Découvrir les îles Blasket à l’ouest de la presqu’île de Dingle

Quand on part en croisière c’est toujours la météo qui décide… et ceci est encore plus vrai en Irlande ! Parmi les nombreuses destinations de croisières en Irlande visitées par Lord Jim, les principaux sites visités se situent dans les deux comtés de Cork et du Kerry, dans le sud-ouest de l’Irlande (Province du Munster). Et quand le temps nous le permet, nous ne manquons pas une escale aux îles Blasket

Carte de la côte SW de l'Irlande

La côte à cet endroit compte plusieurs baies profondes, comme la baie de Dingle. Ces baies sont toutes orientées face au sud-ouest, c’est-à-dire face à la houle et exposées aux vents dominants. Cette zone de navigation plutôt « exposée » compte deux archipels qui valent vraiment le détour quand la météo le permet : les iles Skellig et l’archipel des Blasket.
A l’extrême ouest de la péninsule de Dingle, les six îles Blasket (en français îles Blasques) forment un archipel dont l’histoire et la renommée sont vraiment étonnantes. Les six îles de l’archipel sont :

Great Blasket Island

Great Blasket Island (An Blascaod Mór) la « plus grande » qui ne mesure que 3 miles de long par ½ mile de large, Beiginis, Inishnabro, Inishvickillane, Inishtooskert et An Tiaracht coiffée de son phare.
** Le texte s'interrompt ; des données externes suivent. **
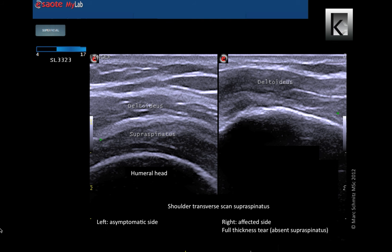This 60-year-old lady has a full thickness tear. As you can see there is a supraspinatus missing on the right side. The supraspinatus tear compromised the stability with a superior migration of the humeral head as a result. Showing her the left-right comparison, she completely understood that the goals she had, like returning to her sport, were not realistic and that she had to set other goals.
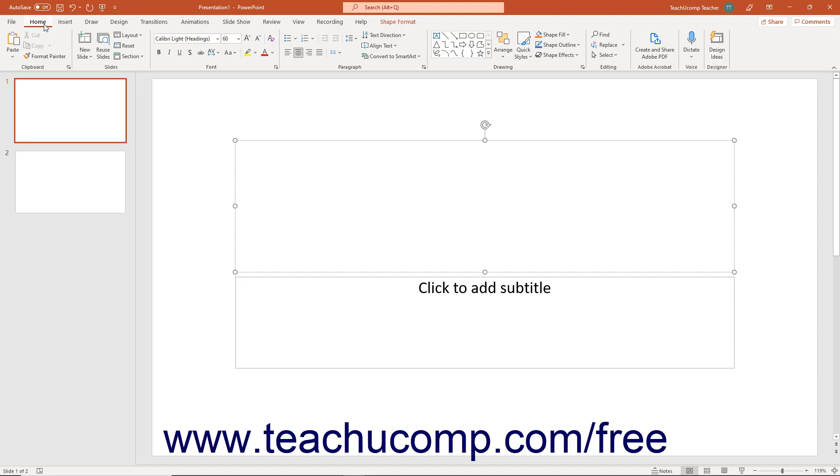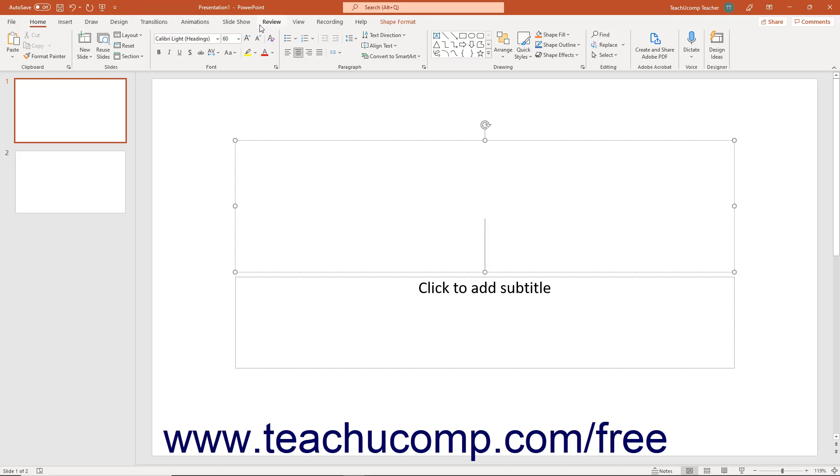You can click the main tabs in the ribbon to switch the button groups that appear. The default tabs that appear in the ribbon are File, Home, Insert, Draw (if using Microsoft 365), Design, Transitions, Animations, Slideshow, Review, View, Recording, and Help.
Carte de l'archipel des Blaskets
Le village de Great Blasket Island

On décrit généralement l’archipel de Blasket comme un « archipel sauvage » dont les îles sont « inhospitalières et très abruptes ». Cela n’a pas empêché ces îles d’être habitées et de devenir célèbres grâce à quatre auteurs et à leur livre. La population de Great Blasket Island ne comptait que quelques centaines de personnes, et malgré cela ces trois écrivains Elisabeth O’Sullivan, Maurice O’Sullivan, Tomás O’Crohan et une conteuse Peig Sayers ont laissé un témoignage de la vie sur ces îles au début du 20e siècle.

A bord de Lord Jim on aime bien lire. La bibliothèque du bord est d’ailleurs bien fournie et à disposition de l’équipage. Mais la lecture c’est également un bon moyen de savoir où l’on va atterrir en croisière. Alors avant de vous embarquer pour l’Irlande voici de quoi vous donner envie de rêver à votre prochaine croisière à bord de Lord Jim.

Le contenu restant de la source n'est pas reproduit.